Rooted in the Earth: The Economy Needs Agriculture

by Alix Underwood
green combine in a field with mountains in the distance

Industrial agriculture has increased the number of mouths fed per farmer. At what cost? (Dietmar Riechle, Unsplash)

Though it’s easy to lose sight of, with our language and culture and smartphones, Homo sapiens is an animal species that exists within natural ecosystems. All our activities, including our economic activities, take place within and depend upon these ecosystems. This is the starting point for the trophic theory of money (TTOM).

“Trophic” refers to the flow of nutrition and energy. In the economy of nature, plants (producers) provide energy to herbivores (primary consumers), which provide energy to carnivores (secondary consumers). Essentially, plants are “goods” consumed by primary consumers, which themselves are “goods” consumed by secondary consumers.

Similarly, in the human economy, agriculture and extractive activities provide goods that are used in heavy manufacturing. These provide goods for light manufacturing. Services evolve to assist with the goods-producing sectors, and in some cases for final consumption (for example, entertainment).

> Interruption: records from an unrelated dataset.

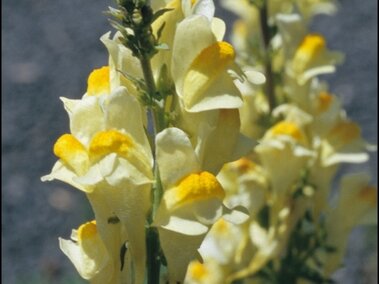 Flowering yellow toadflax on tall green stems outdoors.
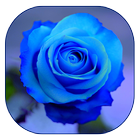 blaue Rose Tapete Zeichen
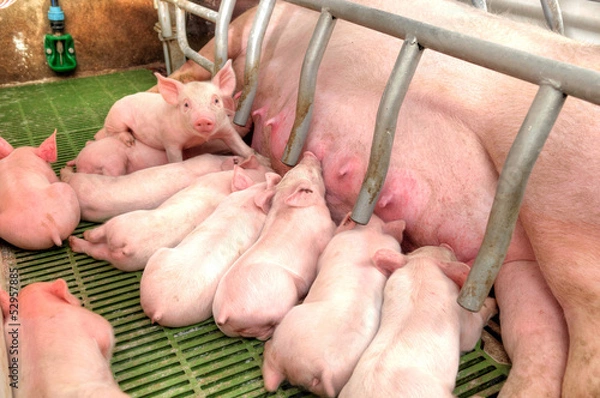 Obraz Momma pig feeding baby pigs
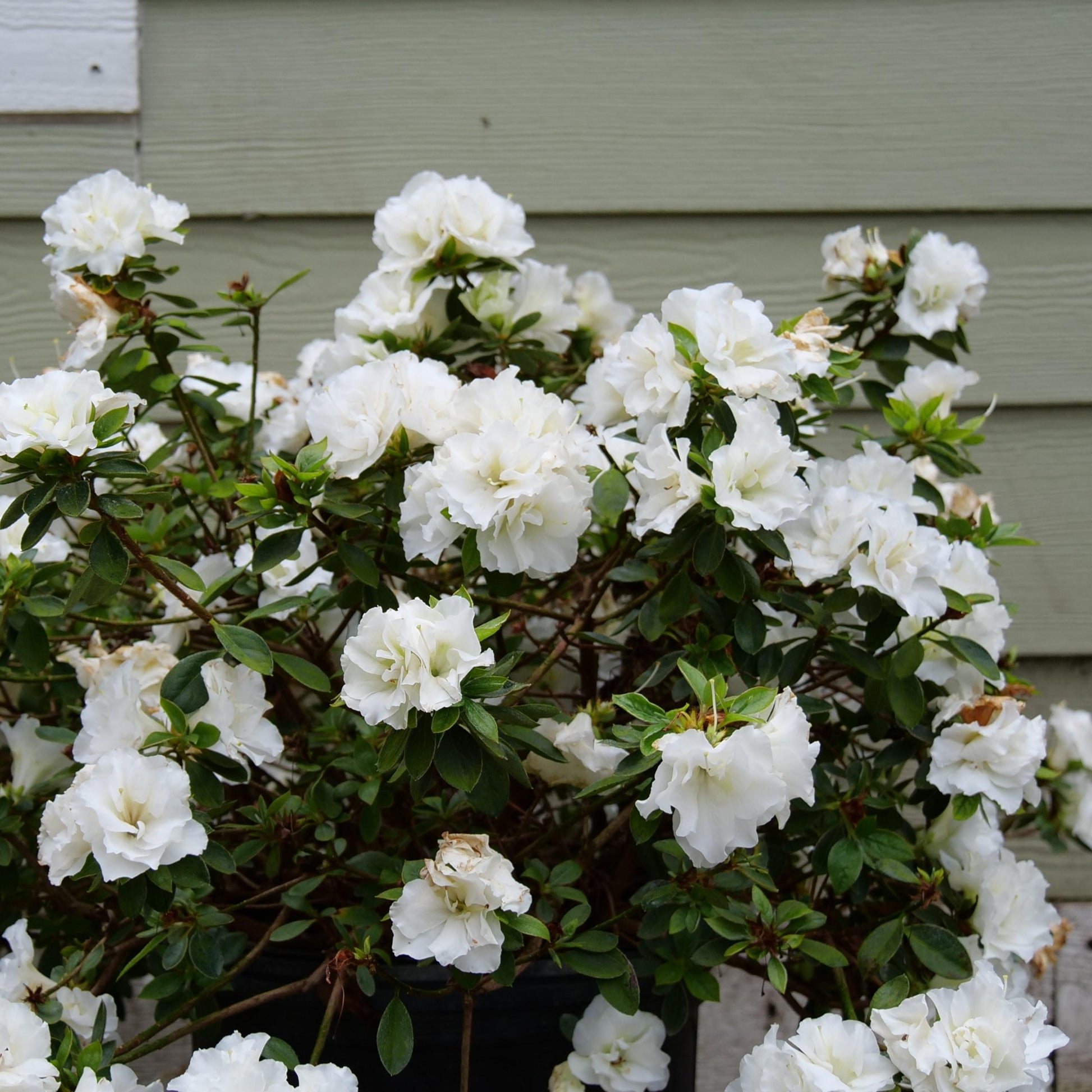 Azalea 'perfecto Mundo Double White' - View 1 from www redcrocus com
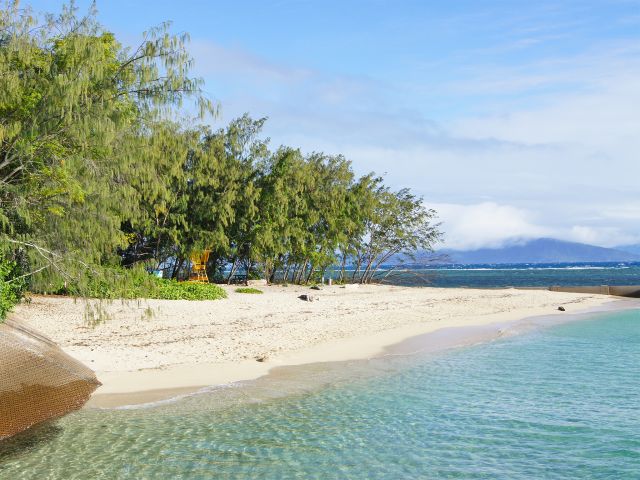 Enjoy a picnic lunch at the tables on the beach in the day-use area.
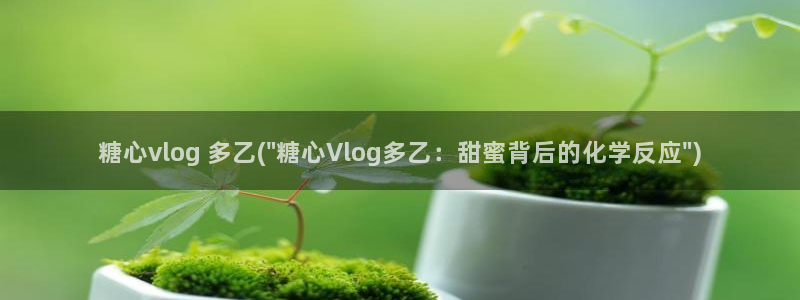 vlog糖心官方入口：糖心vlog 多乙(\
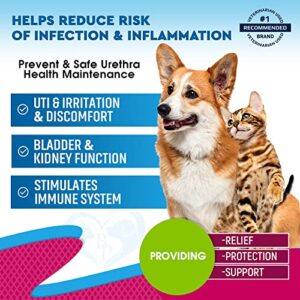 Cat & Dog Urinary Tract Infection Treatment & Natural UTI Medicine Cranberry-Kidney+Bladder Support Supplement - Best Prevention Incontinence, Bladder Stones - Pet Renal Health & UTI Care Drops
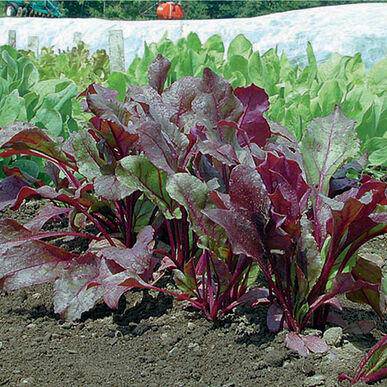 Farm.hand.seeds Bulls Blood Beet Heirloom Seed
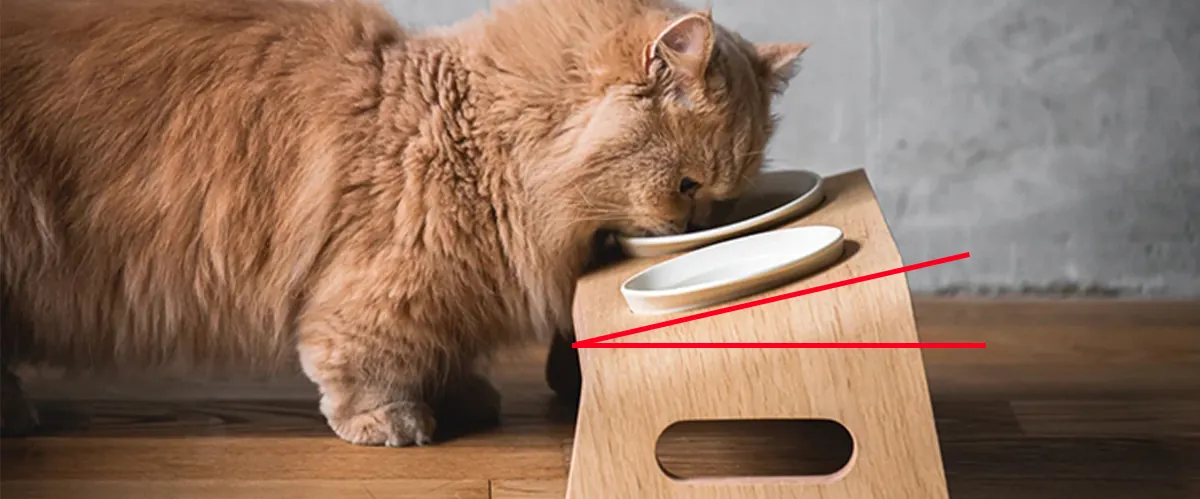 Gamelle ludique pour chat : quel modèle choisir ? Gamelle ludique pour chat senior surélevée et légèrement inclinée, position ergonomique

The TTOM is that money originates via food surplus that frees up hands for the division of labor into other economic sectors. Throughout history, civilizations from Mesopotamia to ancient Greece began devising money only after substantial agricultural development, including a reliable food surplus. Food surplus can refer to many things, but in this case, we mean a surplus in mouths fed per farmer. In other words, when farmers produce enough to feed others in addition to themselves.

This is not some detached theory about societies long gone; it has implications for today’s $105 trillion global economy. No matter how big the economy gets, an increase in economic activity requires farmers to produce more food. This allows more people to extract and build and deliver more goods and services. Policymakers and economists have lost sight of this fundamental relationship between food production and the overall economy. Yet it is vitally important for us to recognize that our economic growth machine relies on the very natural resources it degrades.

To apprise publics and policymakers that economic growth stems from growth in mouths fed per farmer, it behooves us to provide empirical evidence. A lot of good data and a complex analysis would be necessary to establish this causal relationship. I have taken a stab, with decent data and a simple analysis to start. Herein, I share the results of the first step: a correlation between food supply per farmer and real gross domestic product (GDP).

Global Data for a Global Study

I am not the first person to investigate the relationship between mouths fed per farmer and the economy. Many studies have analyzed the effects of related indicators on GDP. These include agricultural productivity and the share of agriculture in the economy. These studies largely corroborate the TTOM. They, find that higher productivity and a lower share of agriculture lead to a higher GDP.

beautiful colored global map with dots and lines connecting them that suggest data flows

Food produced by a farmer in one country may feed mouths in other countries. For this reason, we need global data to test the TTOM. (geralt, Pixabay)

However, most of these studies are at the country level. For testing the TTOM, global data is the best approach, because international trade may hide the effect we’re looking for. A country that imports most of its food could have a decreasing food supply per farmer with an increasing GDP, balancing its national accounts with other goods and services. One likely reason for the absence of global studies is that good global data is hard to come by.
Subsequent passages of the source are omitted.